◆ AIM OF THE TASK
Reproduce exactly, and only, the lines of the material below running from the line bearing "Furnished interior view" through the line bearing "Ein Hochhaus mit". Leave any pictures out.

[[ RECORDS SUPPLIED open ]]

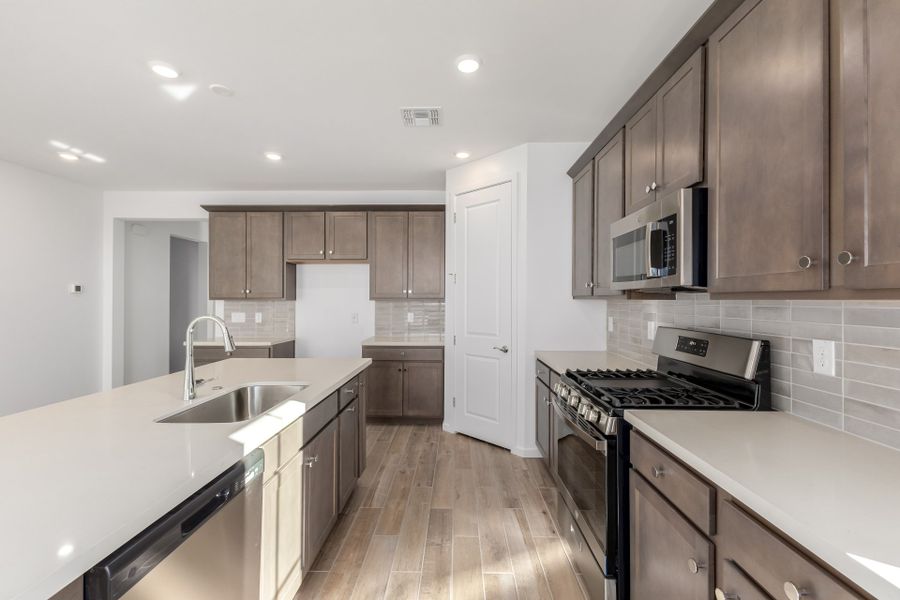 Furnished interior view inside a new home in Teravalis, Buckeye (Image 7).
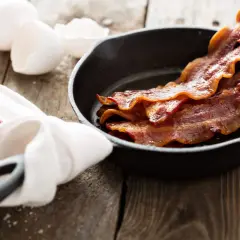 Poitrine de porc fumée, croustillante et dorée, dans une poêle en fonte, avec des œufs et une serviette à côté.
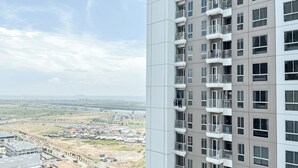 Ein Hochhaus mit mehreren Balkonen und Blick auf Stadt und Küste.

[[ RECORDS SUPPLIED closed ]]
[[ RECORDS SUPPLIED open ]]

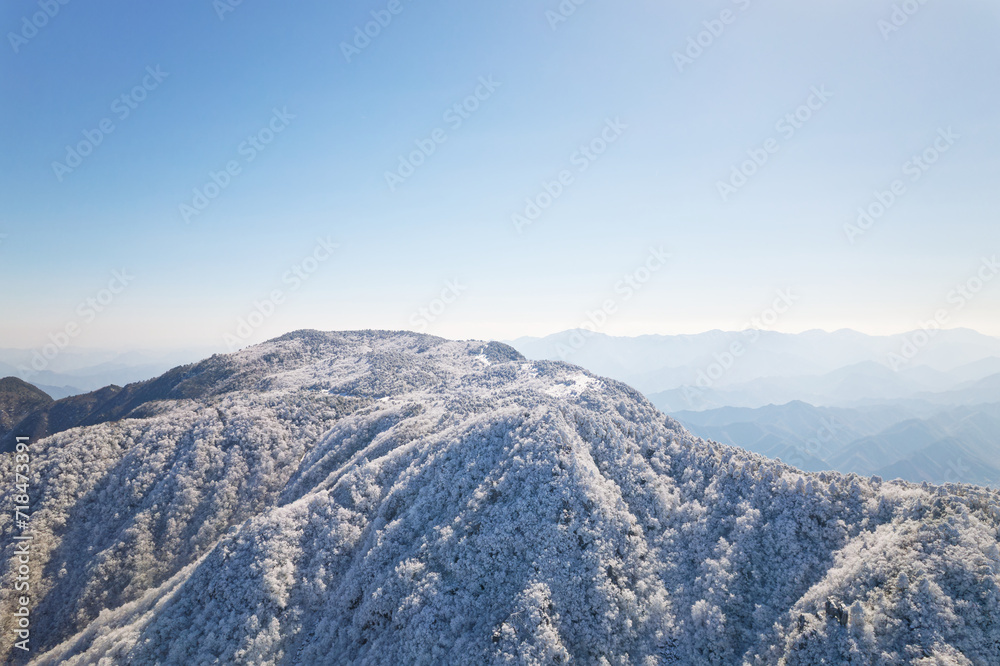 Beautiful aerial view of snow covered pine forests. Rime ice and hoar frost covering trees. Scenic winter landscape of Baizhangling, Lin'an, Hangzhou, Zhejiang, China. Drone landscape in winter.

[[ RECORDS SUPPLIED closed ]]
[[ RECORDS SUPPLIED open ]]

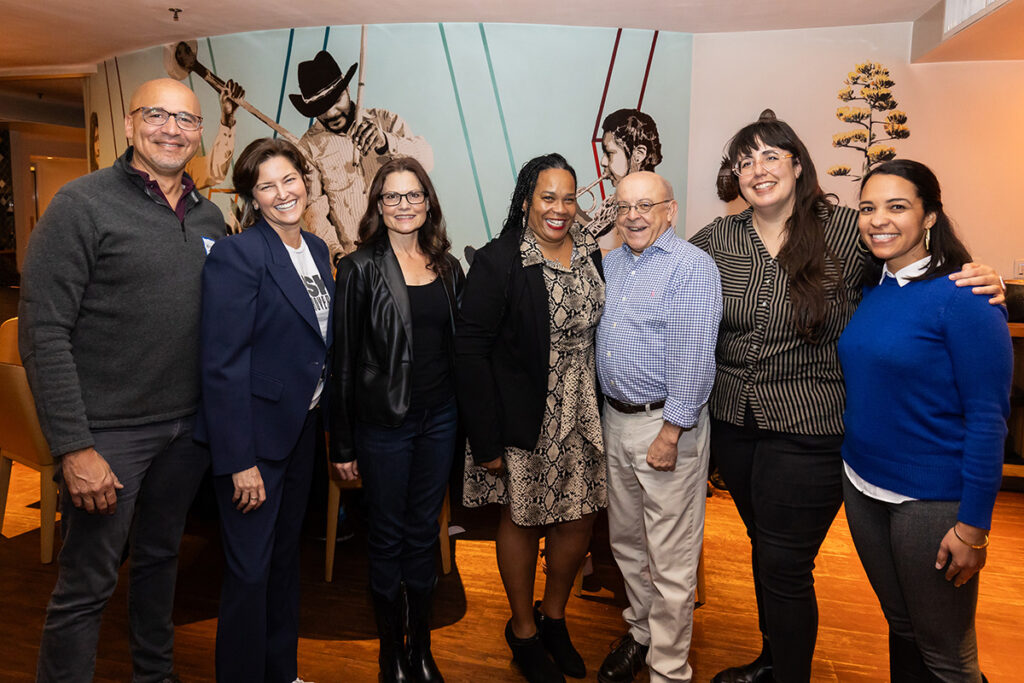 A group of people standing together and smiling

[[ RECORDS SUPPLIED closed ]]

◆ TASK OUTPUT
 Furnished interior view inside a new home in Teravalis, Buckeye (Image 7).
 Poitrine de porc fumée, croustillante et dorée, dans une poêle en fonte, avec des œufs et une serviette à côté.
 Ein Hochhaus mit mehreren Balkonen und Blick auf Stadt und Küste.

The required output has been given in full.